Tag: innovation

The Beauty of Small Meetings

Good day, team.

This week’s challenge comes from an interview I read in The New York Times business section with Paul English, the co-founder and chief technology officer at Kayak. Conducted by Adam Bryant, the interview, titled “Ten People in a Meeting Is About Seven Too Many,” reveals why English believes that any more than three people in a meeting actually stifles creativity rather than enhances it.

Here are a couple excerpts from the interview that stood out to me:

“[At Kayak,] we’re known for having very small meetings, usually three people. There’s a little clicker for counting people that hangs on the main conference room door. The reason it’s there is to send a message to people that I care about this issue. If there’s a bunch of people in the room, I’ll stick my head in and say, “It takes 10 of you to decide this? There aren’t three of you smart enough to do this?

“I just hate design by consensus. No innovation happens with 10 people in a room. It’s very easy to be a critic and say why something won’t work. I don’t want that because new ideas are like these little precious things that can die very easily. Two or three people will nurture them and make them stronger, give them a chance to see life.”

Reading the interview made me think of the times I’ve worked on teams that came up with great ideas which eventually turned into a product or innovation. I can count on one hand the number of times this happened, and when it did, it was always a small team of people. We often felt like we had to keep our little project a secret — we referred to it as “skunk works” because we knew if too many people found out about it, they would tell us to stop working on it and do our regular jobs. I recall working for a high-tech startup that had grown from 12 people to 1,200 in four years. Once it got to more than 50 people, suddenly meetings became laborious. It took much longer to hear everyone’s opinions on projects, and a lot of the discussions didn’t lead to any result. It seemed to me that people went from being creative and focused to argumentative and confused. Everyone talked about the need for people to be more cooperative, but the more people who were added, the less cooperation occurred.

I’ve had an opportunity to work with many software engineers over the years, and I’m always curious about what type of environment they feel fosters creativity and innovation. When I was recruiting, I would ask them what kind of team atmosphere they enjoyed working in. Without fail, they would always tell me that smaller, more flexible teams were their favorites. They wanted to work in an environment where others encouraged them to experiment and test their ideas. One engineer told me, “I’m a geek, for sure, and my idea of the best place to work is a place where geeks are encouraged to be as geeky as possible. That is, take your creative ideas and see if you can make them work to enhance our product or design. Don’t get bogged down by having to follow processes or procedures — be hyperproductive and don’t be afraid to try things.”

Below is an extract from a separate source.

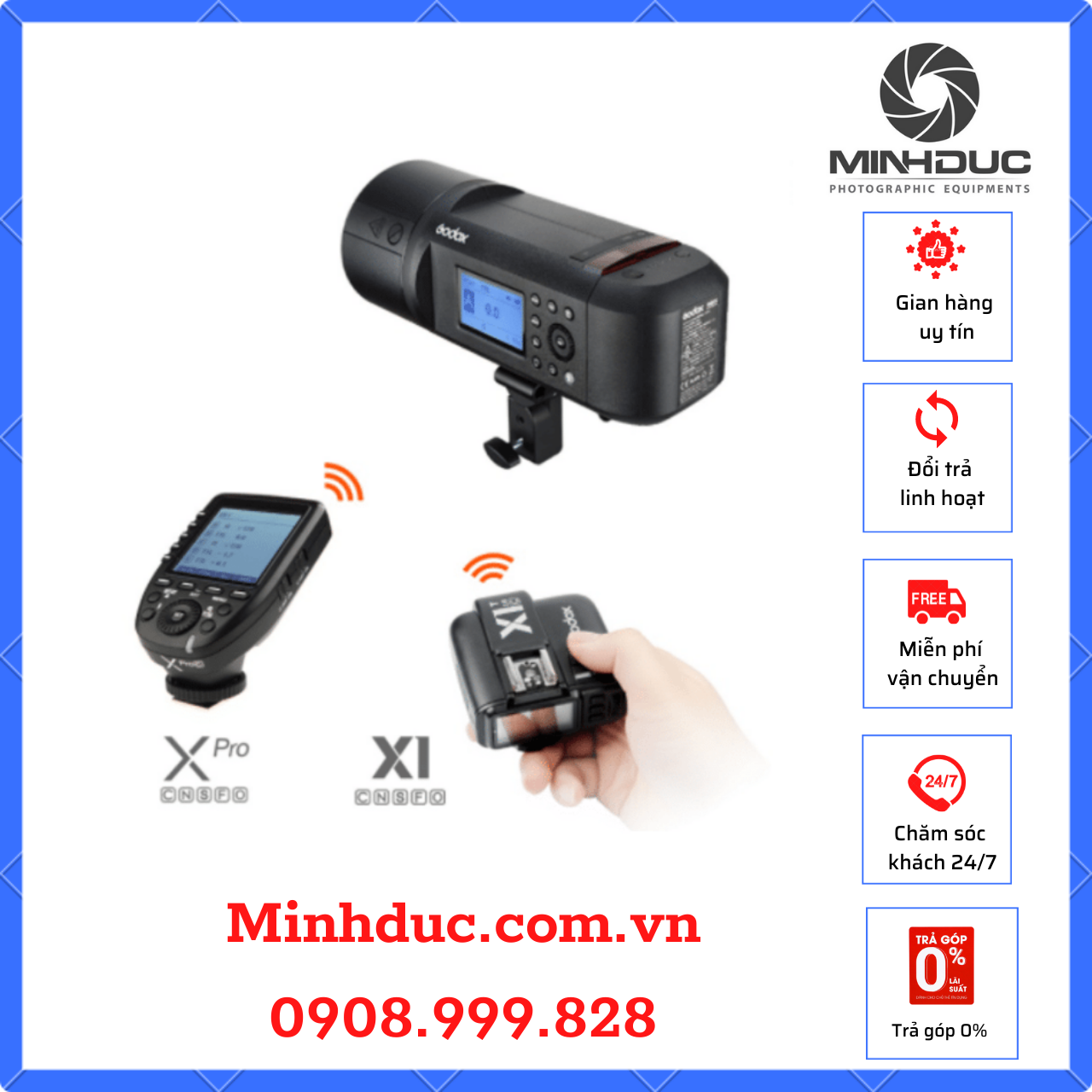 Đèn Chụp Ngoài Trời Godox AD400 PRO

In The New York Times interview, English went on to say the following:

“We’re a bit reckless in our decision-making — not with the business, but the point is that we try things. We give even junior people scary amounts of power to come up with ideas and implement them. We had an intern last summer who, on his very first day at Kayak, came up with an idea, wrote the code and released it. It may or may not have been successful, but it almost doesn’t matter, because it showed that we value speed, and we value testing ideas, not talking about them.

“It’s all about fast iteration. When you push down decisions and you don’t require people to write up plans and do designs by consensus, enormous amounts of work disappear. We cut out all the middle layers and let the designers talk to the customers. Otherwise, something gets lost in the translation with a lot of layers.”

I believe that different meetings serve various purposes. I agree with English when it comes to design and the exchange of creative ideas — smaller teams get more done. However, if you’re holding a meeting to deliver information about your company or about an issue that effects larger teams, then a larger meeting makes more sense. Know what your intention is for a meeting. Is it to get a better design or is it to communicate information out to a larger audience? Maybe you need to include all the relevant stakeholders, even those who are not necessarily touched directly by the project. Making a clear distinction about what you’re trying to achieve in a meeting — or setting an intention — helps to determine who needs to attend.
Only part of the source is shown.